Task >> The response must be the exact lines from the one that contains "Cardydony Women's Retro" through the end of the material, with no pictures and no additional lines.

BEGIN Information provided

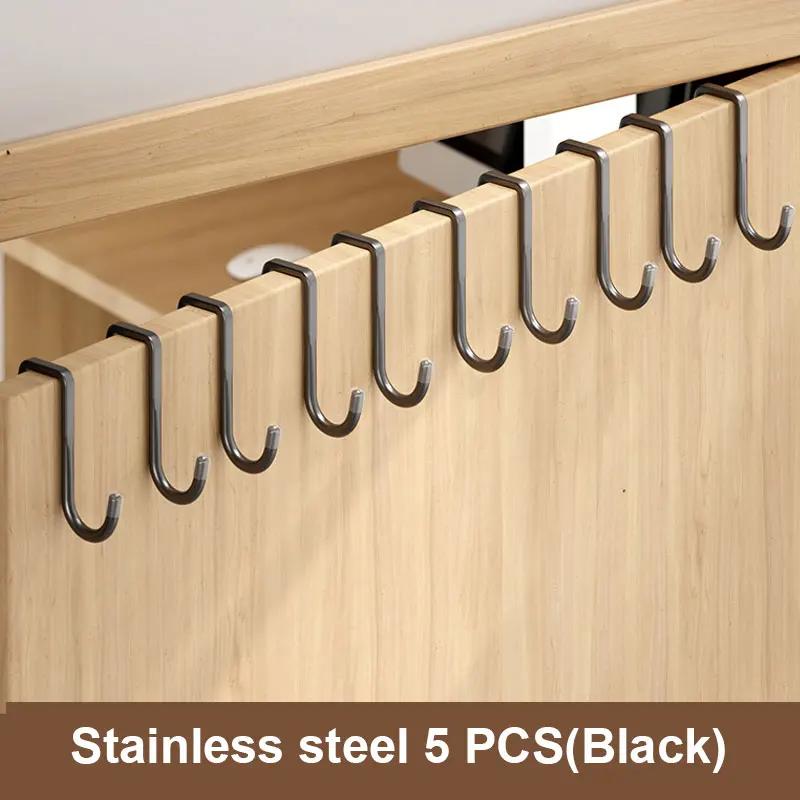 Stainless Steel Hook Free Punching Double S-Shape Hook Kitchen Bathroom Cabinet Door Back Type Coat Towel Storage Hanger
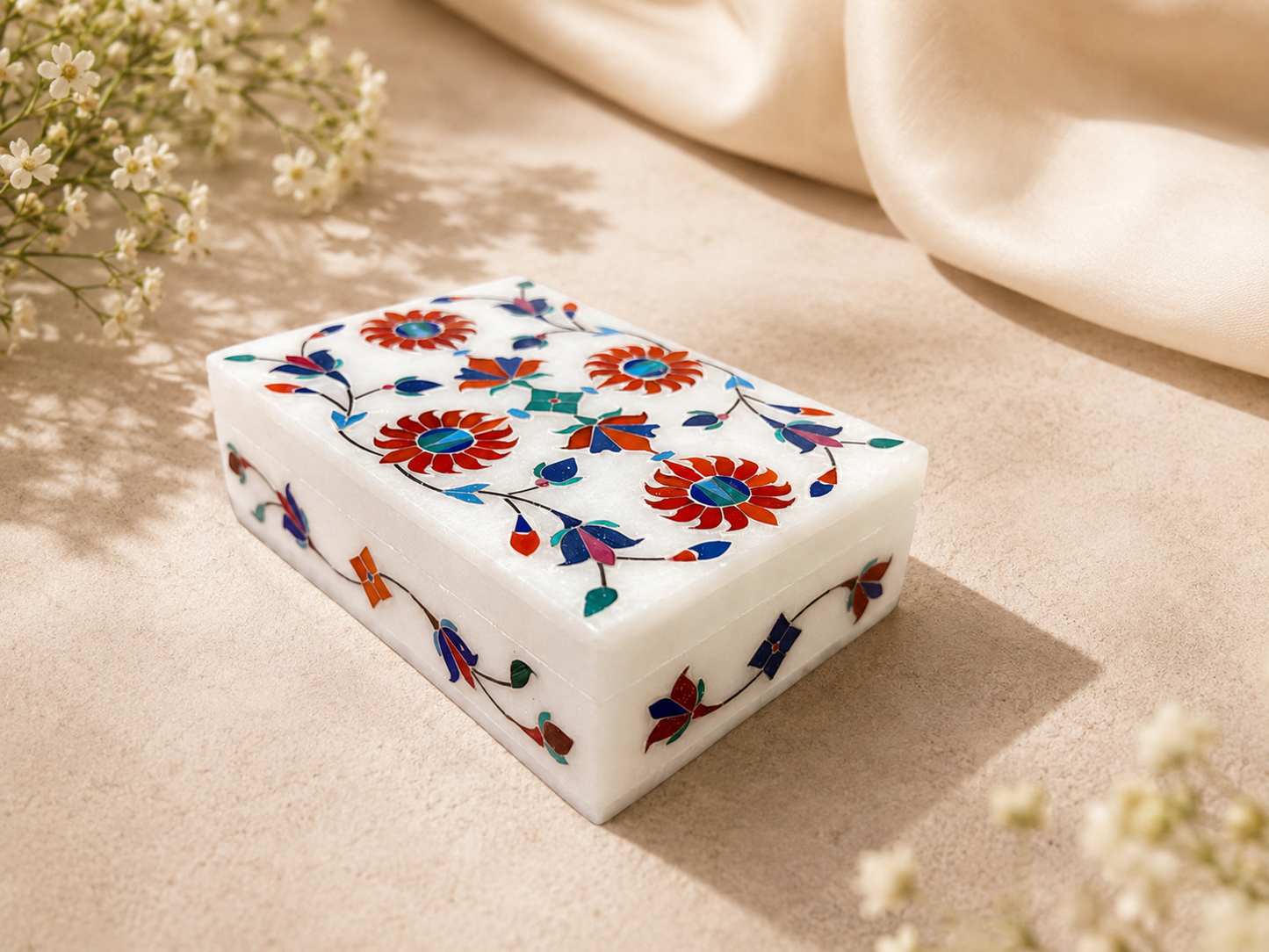 Large Handcrafted Alabaster Jewelry Box – 6×4 Multicolor Floral Inlay Keepsake Box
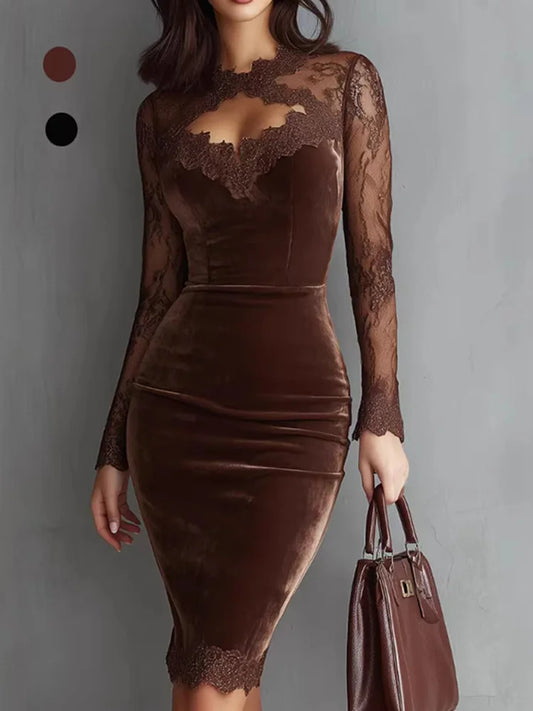Cardydony Women's Retro Elegance With Lace Trim Embroidered Dress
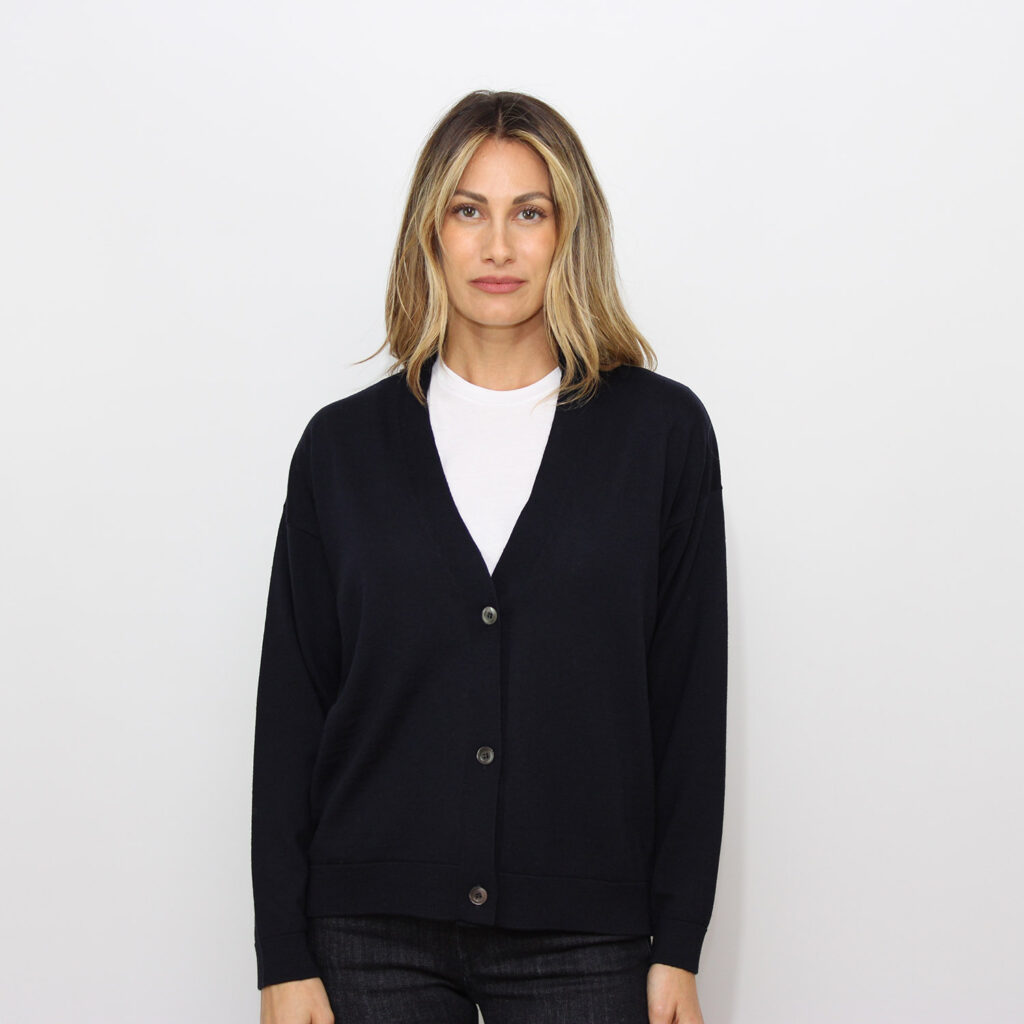 Cardigan scollo V in lana merinos blu notte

END Information provided

Worked solution >>
Cardydony Women's Retro Elegance With Lace Trim Embroidered Dress
 Cardigan scollo V in lana merinos blu notte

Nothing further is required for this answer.